3. Faut-il utiliser les courbes de l'OMS ou celles du carnet de santé français ?
Les courbes du carnet de santé, actualisées à partir de données françaises récentes, sont la référence utilisée par les professionnels de santé en France et permettent une interprétation cohérente d'une consultation à l'autre.
4. Le carnet de santé numérique va-t-il remplacer le carnet papier ?
Une version numérique accessible via Mon espace santé est en cours de déploiement, mais le carnet papier reste pour l'instant le document de référence à présenter à chaque consultation.
5. Que faire si le pédiatre signale un écart sur la courbe de corpulence ?

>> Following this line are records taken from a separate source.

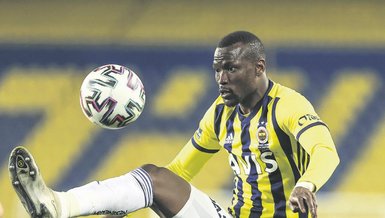 Son dakika Fenerbahçe haberi: Mame Thiam gidiyor! İşte yeni takımı... (FB spor haberi)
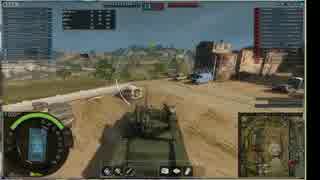Armored Warfare Terminator PVP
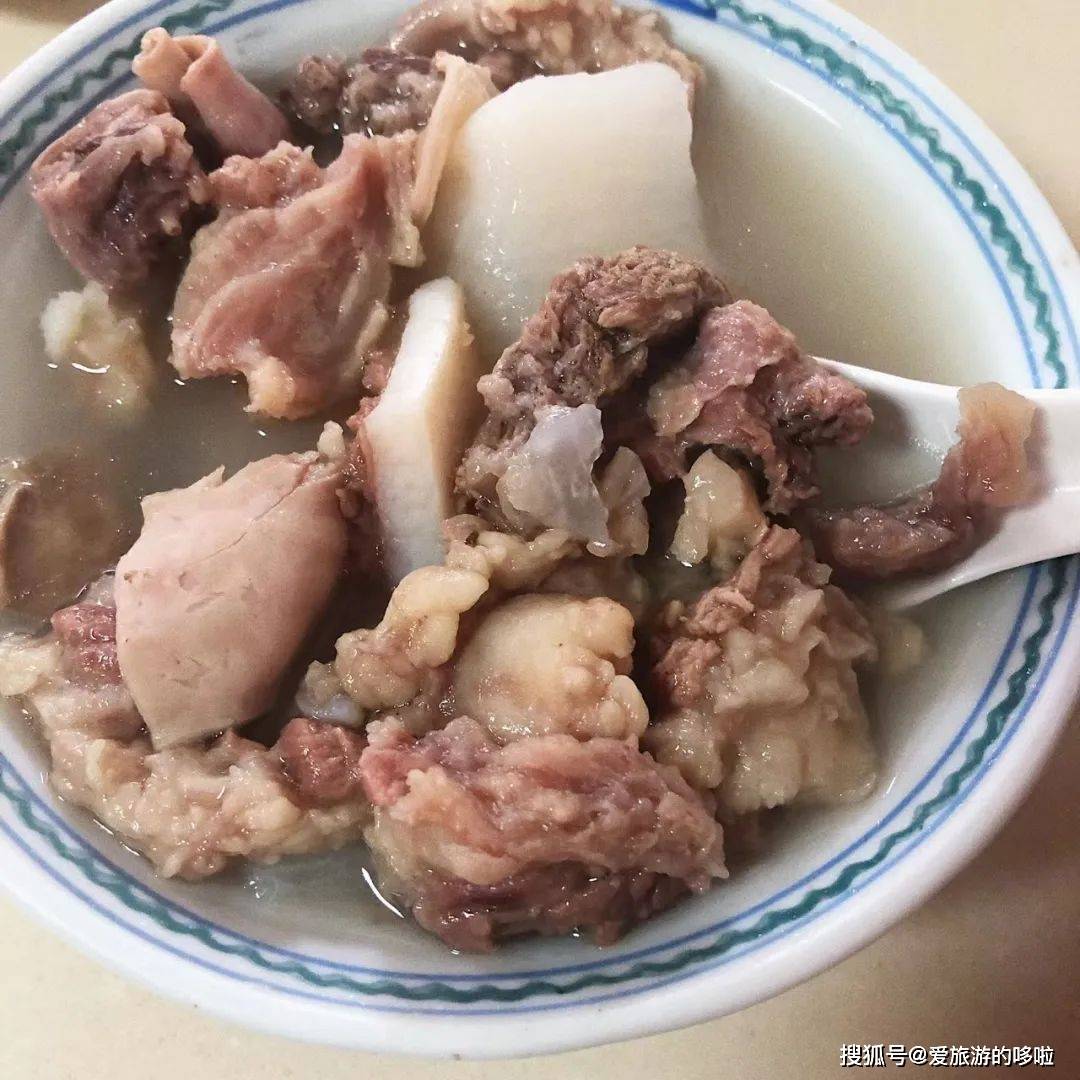 牛肉汤摄影图__传统美食_餐饮美食_摄影图库_昵图网nipic.com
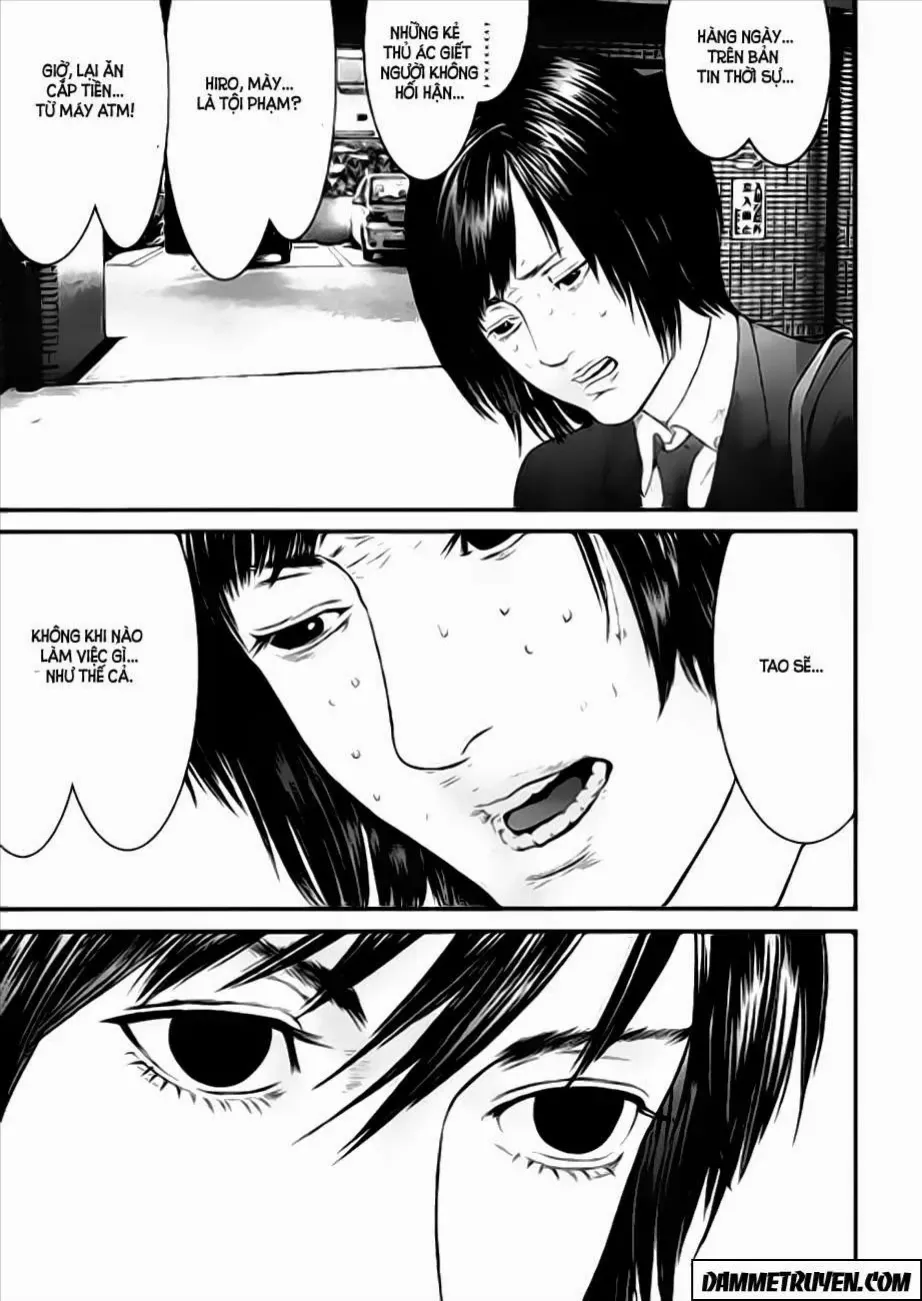 Inuyashiki Tập 17 trang 7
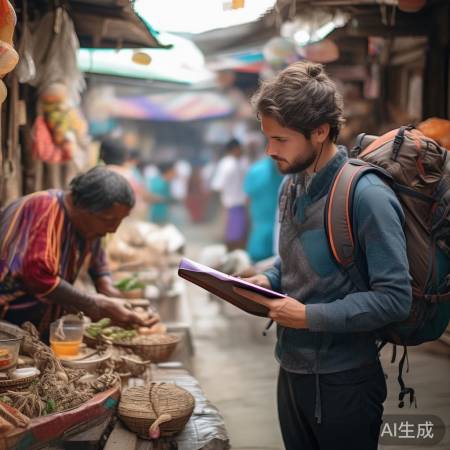 尊重文化，谦逊倾听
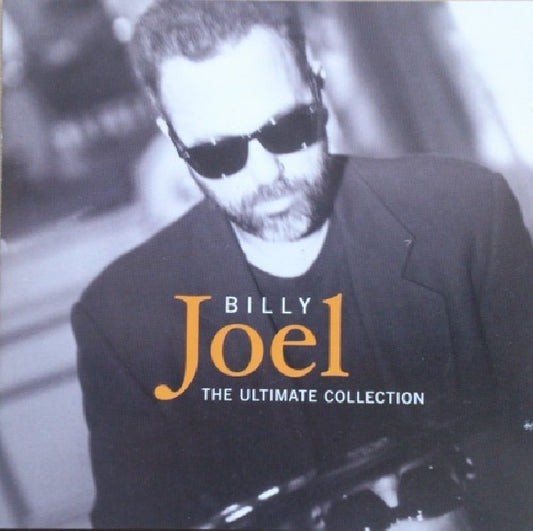 Billy Joel - Ultimate collection (CD)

Un dépistage précoce du surpoids permet d'ajuster rapidement l'alimentation et les habitudes de vie avec l'aide du professionnel de santé, sans dramatiser un résultat isolé qui demande d'abord à être confirmé dans le temps.
Conclusion
La rentrée n'est pas seulement synonyme de cartables et d'emploi du temps chargé : c'est aussi un excellent repère pour vérifier que la courbe de croissance de votre enfant reste cohérente d'une année sur l'autre. En prenant quelques minutes pour relire le carnet de santé et, si nécessaire, planifier une consultation, vous vous donnez les moyens de repérer tôt un éventuel signal à approfondir, tout en gardant à l'esprit que la grande majorité des variations observées restent parfaitement normales.